▶ _What to produce_
Among the entries below, find the line with "Installation will take" and the line with "The WAN 2.2 first-last-frame". Return exactly those lines and every line between them, but no pictures.

▶ _Material provided_
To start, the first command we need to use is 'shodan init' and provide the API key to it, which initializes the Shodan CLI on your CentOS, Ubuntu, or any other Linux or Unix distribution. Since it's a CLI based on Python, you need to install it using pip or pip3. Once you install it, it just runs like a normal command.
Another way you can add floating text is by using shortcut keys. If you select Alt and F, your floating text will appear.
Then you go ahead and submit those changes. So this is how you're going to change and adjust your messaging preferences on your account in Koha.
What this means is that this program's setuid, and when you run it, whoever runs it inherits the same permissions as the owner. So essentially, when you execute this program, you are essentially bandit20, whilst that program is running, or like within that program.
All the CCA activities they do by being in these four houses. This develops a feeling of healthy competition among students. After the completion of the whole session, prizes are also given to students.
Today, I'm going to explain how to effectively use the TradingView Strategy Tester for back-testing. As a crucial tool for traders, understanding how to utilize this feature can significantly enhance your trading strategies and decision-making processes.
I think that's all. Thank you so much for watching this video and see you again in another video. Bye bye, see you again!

==

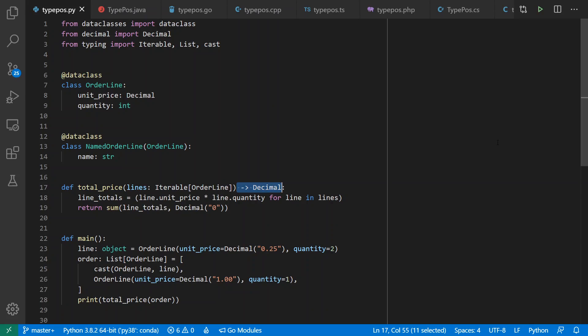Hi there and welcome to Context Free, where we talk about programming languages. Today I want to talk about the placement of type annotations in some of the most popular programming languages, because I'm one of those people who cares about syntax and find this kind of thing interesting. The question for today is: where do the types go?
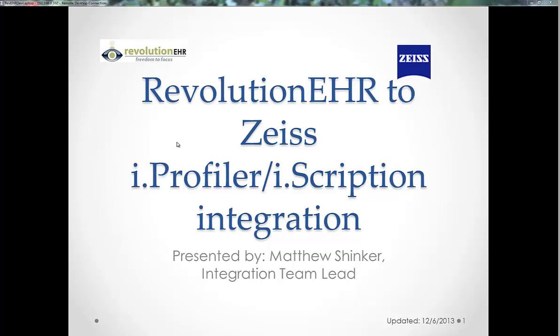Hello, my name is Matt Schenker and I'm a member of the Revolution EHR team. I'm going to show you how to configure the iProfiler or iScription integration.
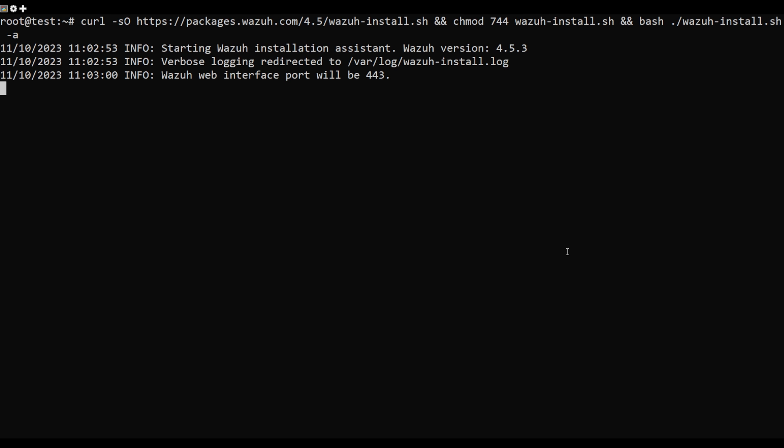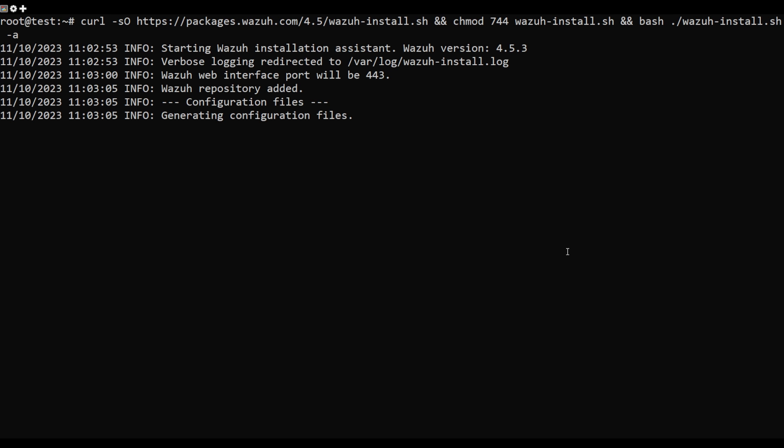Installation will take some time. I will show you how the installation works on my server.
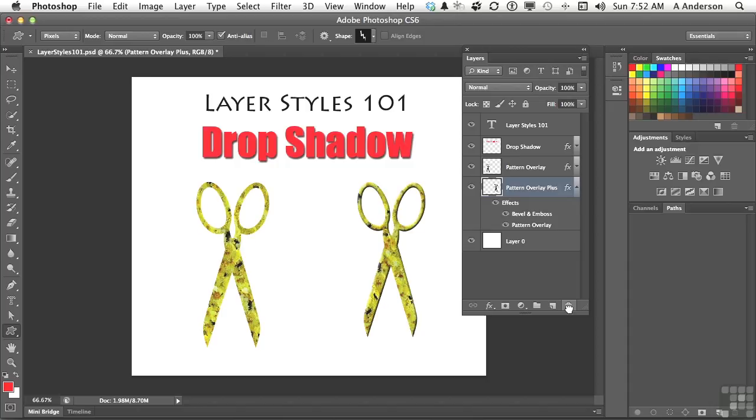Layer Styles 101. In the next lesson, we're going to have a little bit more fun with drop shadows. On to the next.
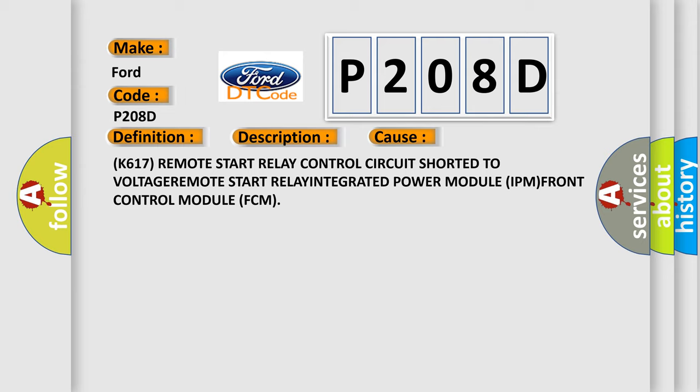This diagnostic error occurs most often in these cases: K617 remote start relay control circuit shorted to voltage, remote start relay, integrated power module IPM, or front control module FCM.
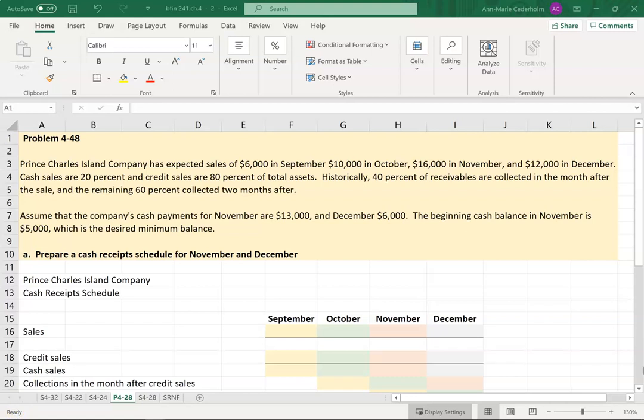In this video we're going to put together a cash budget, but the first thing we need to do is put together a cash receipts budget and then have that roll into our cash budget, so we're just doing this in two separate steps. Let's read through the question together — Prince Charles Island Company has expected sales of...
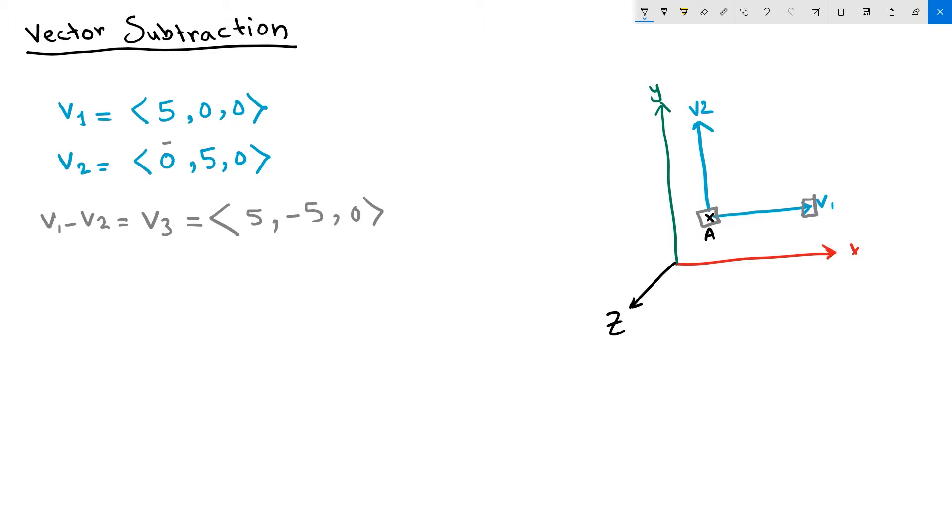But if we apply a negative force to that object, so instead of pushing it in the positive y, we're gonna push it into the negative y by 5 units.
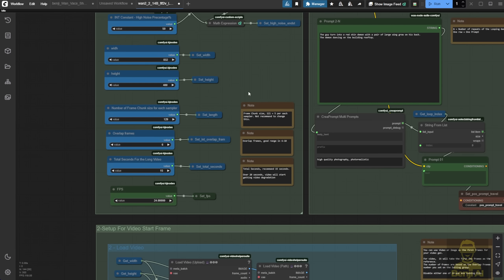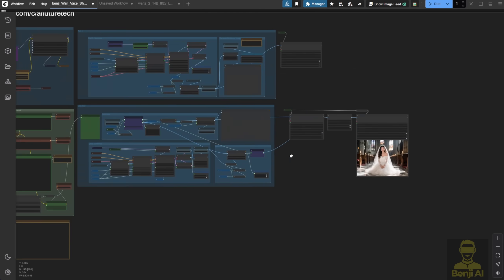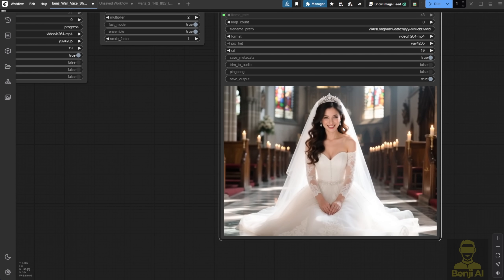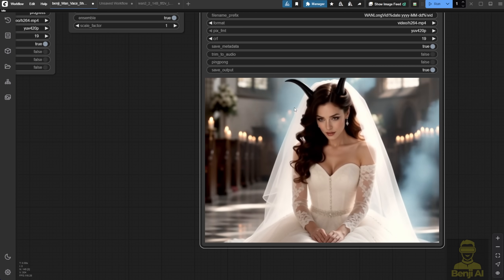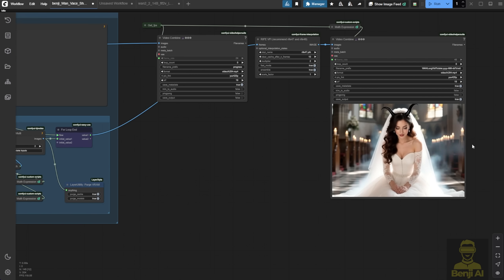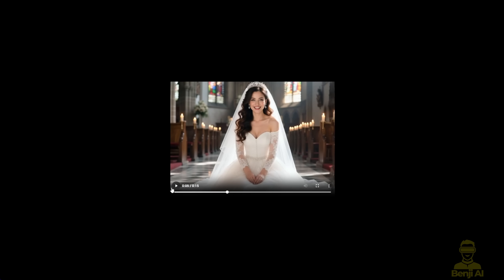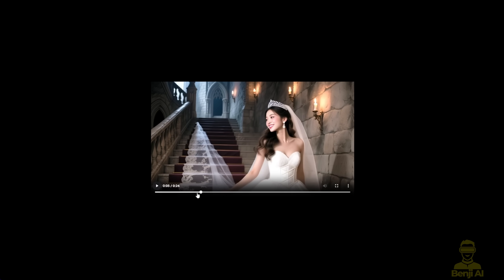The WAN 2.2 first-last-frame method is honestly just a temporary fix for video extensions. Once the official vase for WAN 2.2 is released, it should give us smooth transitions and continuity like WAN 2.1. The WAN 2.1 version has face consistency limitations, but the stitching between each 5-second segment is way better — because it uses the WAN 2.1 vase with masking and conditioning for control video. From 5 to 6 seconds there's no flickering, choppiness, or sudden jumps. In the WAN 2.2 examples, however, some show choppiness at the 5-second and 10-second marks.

--

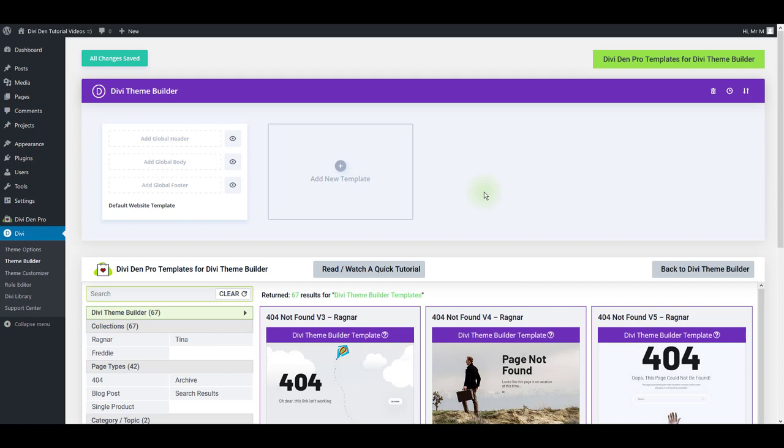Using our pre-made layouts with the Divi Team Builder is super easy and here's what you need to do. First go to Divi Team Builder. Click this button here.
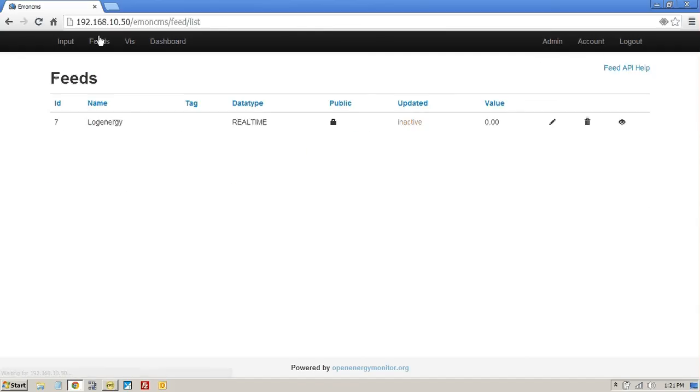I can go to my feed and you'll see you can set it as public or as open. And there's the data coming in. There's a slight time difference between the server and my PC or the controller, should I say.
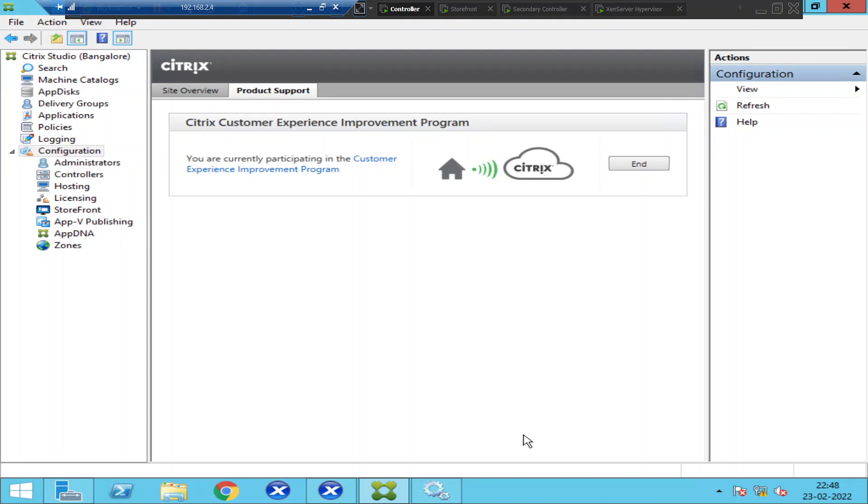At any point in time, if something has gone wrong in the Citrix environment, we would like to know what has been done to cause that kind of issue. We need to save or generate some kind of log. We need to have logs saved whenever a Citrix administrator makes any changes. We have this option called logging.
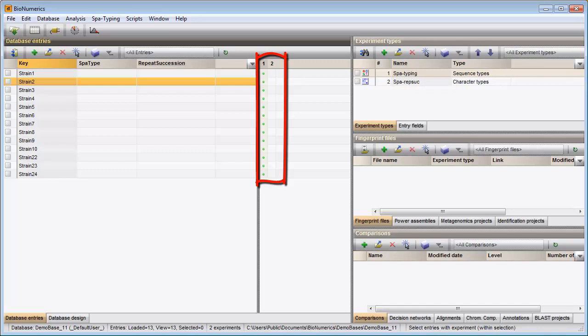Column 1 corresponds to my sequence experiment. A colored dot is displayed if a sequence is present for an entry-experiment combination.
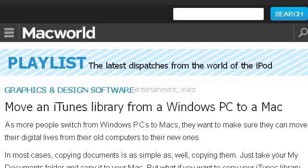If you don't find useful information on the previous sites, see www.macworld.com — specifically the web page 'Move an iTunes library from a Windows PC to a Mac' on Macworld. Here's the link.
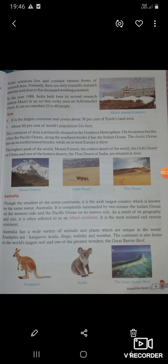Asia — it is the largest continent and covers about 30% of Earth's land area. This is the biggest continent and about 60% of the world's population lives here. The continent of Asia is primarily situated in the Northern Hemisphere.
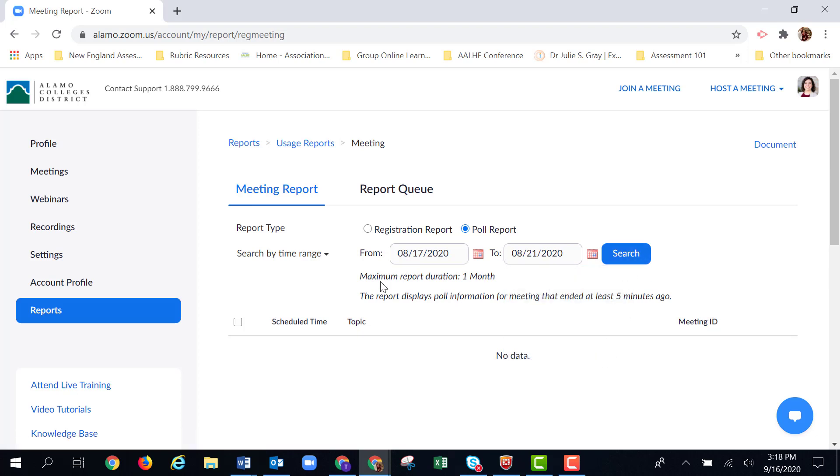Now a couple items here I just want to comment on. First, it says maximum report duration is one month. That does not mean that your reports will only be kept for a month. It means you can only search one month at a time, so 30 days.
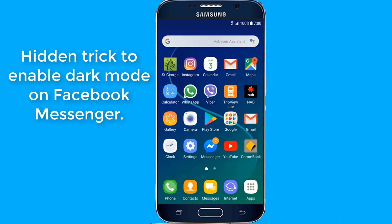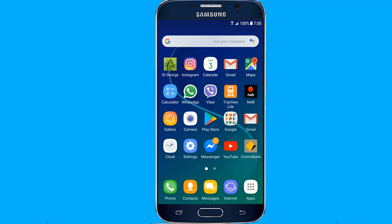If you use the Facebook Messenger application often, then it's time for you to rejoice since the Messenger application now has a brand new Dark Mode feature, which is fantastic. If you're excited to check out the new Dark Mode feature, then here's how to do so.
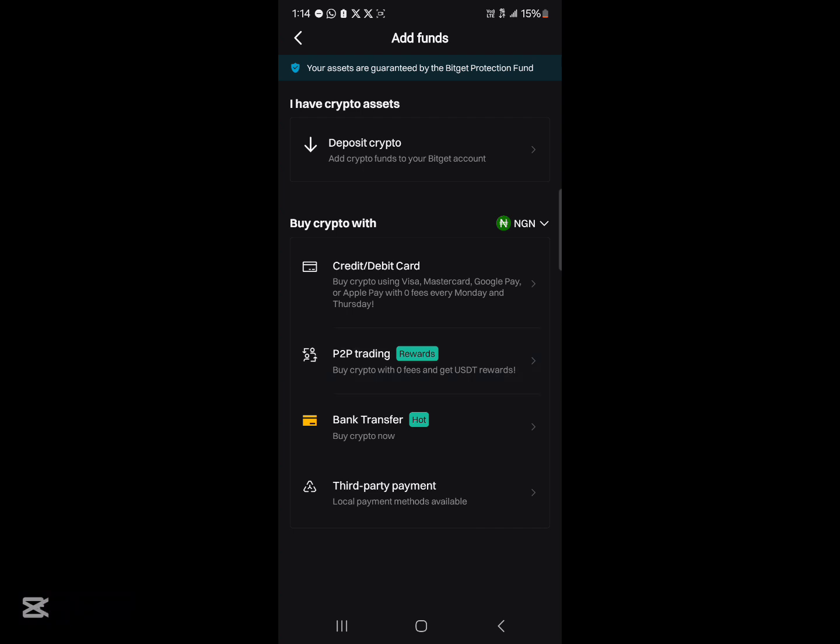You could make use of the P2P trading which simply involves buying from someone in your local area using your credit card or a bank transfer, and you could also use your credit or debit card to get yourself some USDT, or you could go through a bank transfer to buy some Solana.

▶ _Result below_
Installation will take some time. I will show you how the installation works on my server.
Layer Styles 101. In the next lesson, we're going to have a little bit more fun with drop shadows. On to the next.
This diagnostic error occurs most often in these cases: K617 remote start relay control circuit shorted to voltage, remote start relay, integrated power module IPM, or front control module FCM.
In this video we're going to put together a cash budget, but the first thing we need to do is put together a cash receipts budget and then have that roll into our cash budget, so we're just doing this in two separate steps. Let's read through the question together — Prince Charles Island Company has expected sales of...
But if we apply a negative force to that object, so instead of pushing it in the positive y, we're gonna push it into the negative y by 5 units.
The WAN 2.2 first-last-frame method is honestly just a temporary fix for video extensions. Once the official vase for WAN 2.2 is released, it should give us smooth transitions and continuity like WAN 2.1. The WAN 2.1 version has face consistency limitations, but the stitching between each 5-second segment is way better — because it uses the WAN 2.1 vase with masking and conditioning for control video. From 5 to 6 seconds there's no flickering, choppiness, or sudden jumps. In the WAN 2.2 examples, however, some show choppiness at the 5-second and 10-second marks.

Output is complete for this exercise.